Like many young doctors, I get asked a couple of the same questions over and over and over again.


Would you do it again? Any advice to premeds? Would you encourage your children to become doctors? Or some other variation of "Are you happy doing what you do?"
The short answer is 'yes.' I love being a doctor. I love being called 'doctor.' I am proud to tell people I am a doctor. It makes me feel 'satisfied' to know my parents are proud of me...that I have accomplished (in their mind) the epitome of accomplishments. I love it when patients say "your mother (it's always only 'mother') must be so proud of you!!" Yes she is. It really feels good to hear your loved ones brag about you...simply being a doctor is a big deal to most people.

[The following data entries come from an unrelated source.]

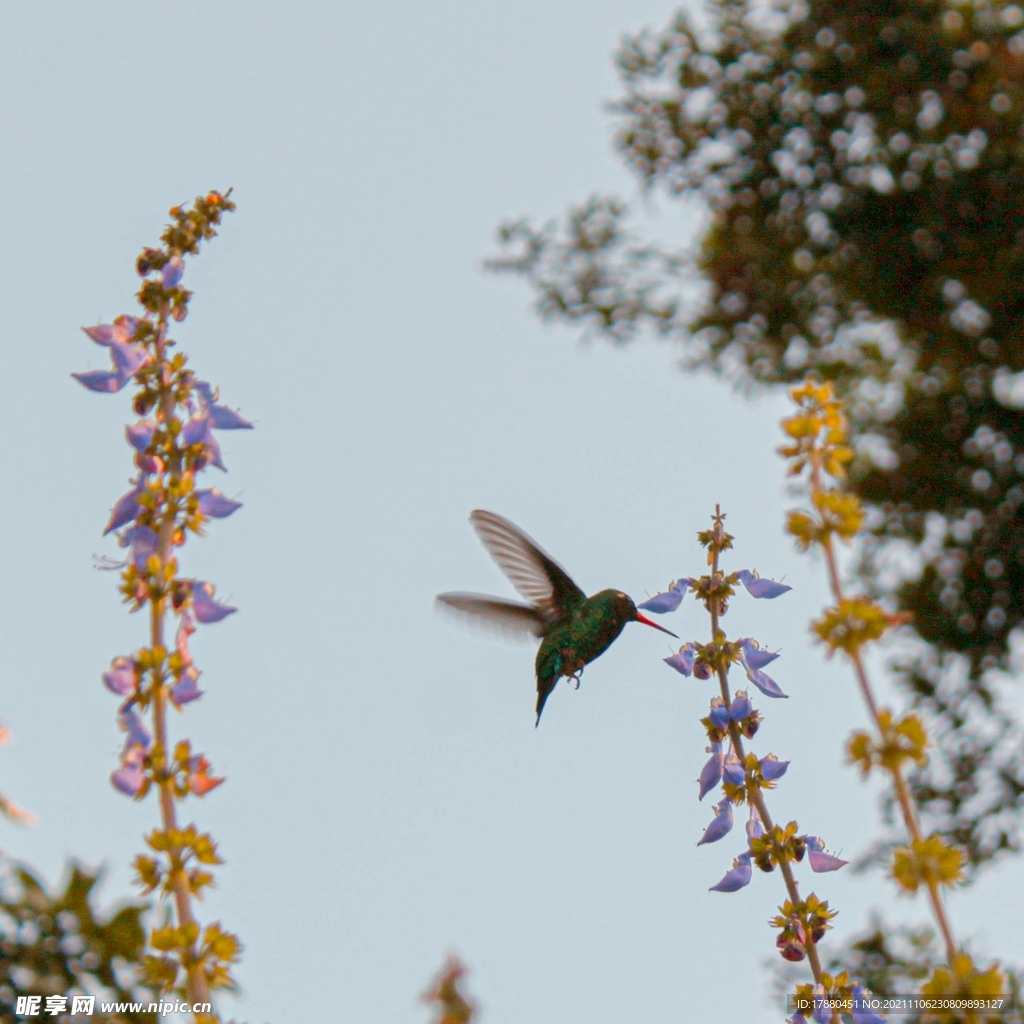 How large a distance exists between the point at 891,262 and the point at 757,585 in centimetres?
823

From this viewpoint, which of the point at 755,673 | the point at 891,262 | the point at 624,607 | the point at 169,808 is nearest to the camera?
the point at 169,808

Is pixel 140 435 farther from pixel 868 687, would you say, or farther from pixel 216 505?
pixel 868 687

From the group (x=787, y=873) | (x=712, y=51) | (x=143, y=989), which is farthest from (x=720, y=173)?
(x=143, y=989)

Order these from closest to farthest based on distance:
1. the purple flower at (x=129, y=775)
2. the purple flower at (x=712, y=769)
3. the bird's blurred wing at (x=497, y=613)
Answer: the purple flower at (x=129, y=775) → the purple flower at (x=712, y=769) → the bird's blurred wing at (x=497, y=613)

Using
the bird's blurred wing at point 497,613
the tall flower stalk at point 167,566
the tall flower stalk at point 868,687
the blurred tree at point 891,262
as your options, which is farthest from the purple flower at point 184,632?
the blurred tree at point 891,262

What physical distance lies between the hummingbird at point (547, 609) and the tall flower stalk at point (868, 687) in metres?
1.98

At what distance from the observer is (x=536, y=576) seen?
12.6 ft

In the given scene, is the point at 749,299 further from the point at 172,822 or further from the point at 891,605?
the point at 172,822

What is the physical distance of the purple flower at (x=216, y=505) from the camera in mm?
2109

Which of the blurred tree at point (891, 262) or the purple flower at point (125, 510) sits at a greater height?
the blurred tree at point (891, 262)

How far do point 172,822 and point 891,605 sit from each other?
8.94 metres

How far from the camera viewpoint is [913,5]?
9.96m

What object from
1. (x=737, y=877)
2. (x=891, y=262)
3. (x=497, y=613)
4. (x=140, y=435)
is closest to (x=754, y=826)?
(x=737, y=877)

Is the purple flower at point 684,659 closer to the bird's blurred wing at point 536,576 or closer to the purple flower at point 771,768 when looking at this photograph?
the purple flower at point 771,768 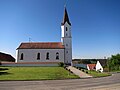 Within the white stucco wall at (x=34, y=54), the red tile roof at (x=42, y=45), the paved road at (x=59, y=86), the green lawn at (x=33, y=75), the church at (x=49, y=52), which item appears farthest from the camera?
the red tile roof at (x=42, y=45)

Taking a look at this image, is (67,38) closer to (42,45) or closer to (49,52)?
(49,52)

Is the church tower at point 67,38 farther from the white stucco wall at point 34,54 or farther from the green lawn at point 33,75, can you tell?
the green lawn at point 33,75

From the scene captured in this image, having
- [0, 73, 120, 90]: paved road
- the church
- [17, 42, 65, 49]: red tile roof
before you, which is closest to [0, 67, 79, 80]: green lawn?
[0, 73, 120, 90]: paved road

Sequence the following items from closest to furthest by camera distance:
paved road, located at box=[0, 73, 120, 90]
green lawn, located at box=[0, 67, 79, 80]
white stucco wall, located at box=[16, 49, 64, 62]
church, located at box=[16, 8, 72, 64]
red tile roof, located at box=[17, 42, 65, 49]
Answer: paved road, located at box=[0, 73, 120, 90]
green lawn, located at box=[0, 67, 79, 80]
church, located at box=[16, 8, 72, 64]
white stucco wall, located at box=[16, 49, 64, 62]
red tile roof, located at box=[17, 42, 65, 49]

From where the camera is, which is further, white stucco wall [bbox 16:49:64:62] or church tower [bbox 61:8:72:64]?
church tower [bbox 61:8:72:64]

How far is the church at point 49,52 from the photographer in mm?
55656

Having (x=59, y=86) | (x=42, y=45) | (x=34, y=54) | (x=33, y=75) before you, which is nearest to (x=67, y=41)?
(x=42, y=45)

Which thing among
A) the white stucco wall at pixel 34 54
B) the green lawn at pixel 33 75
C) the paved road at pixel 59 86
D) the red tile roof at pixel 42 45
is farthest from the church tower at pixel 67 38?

Becoming a doctor doesn't require one to be a genius. You just have to be focused...and do your homework. In high school - go to class and do your homework. In college - ace your exams and do your homework. Medical school certainly isn't about being 'smart' but rather 'organized' and methodical. Studying smart, concentrating on only the most relevant, high yield material. Doing research, and kissing lots of ass. If you study hard, do research, and get good letters of rec, you'll likely get into the field of your choice (especially if you're willing to move anywhere in the country). Once there...you work your ass off. All of this doesn't require you to be smart, per se, just dedicated, passionate, organized, persistent, etc.
I recommend a student go straight thru the process, and not take breaks. If you finish up residency at 26, you still feel like your young adulthood is yours to experience. As a resident, you can have a life (depending on the specialty, of course). You can still go out with friends, date, and hang out. I even endured 2 pregnancies as a resident (afterall, when are you supposed to have those babies?). Residency isn't about studying and learning....it's about working. If you work, you'll finish. You can always study for a test (boards) later. I found residency less stressful than medical school because...in my mind, I'd 'made it' already. I was a doctor. Simply being a medical student makes you....nothing. No pass = No MD. The fact that I'd accomplished a major achievement by simply graduating from medical school, relieved lots of stress for me.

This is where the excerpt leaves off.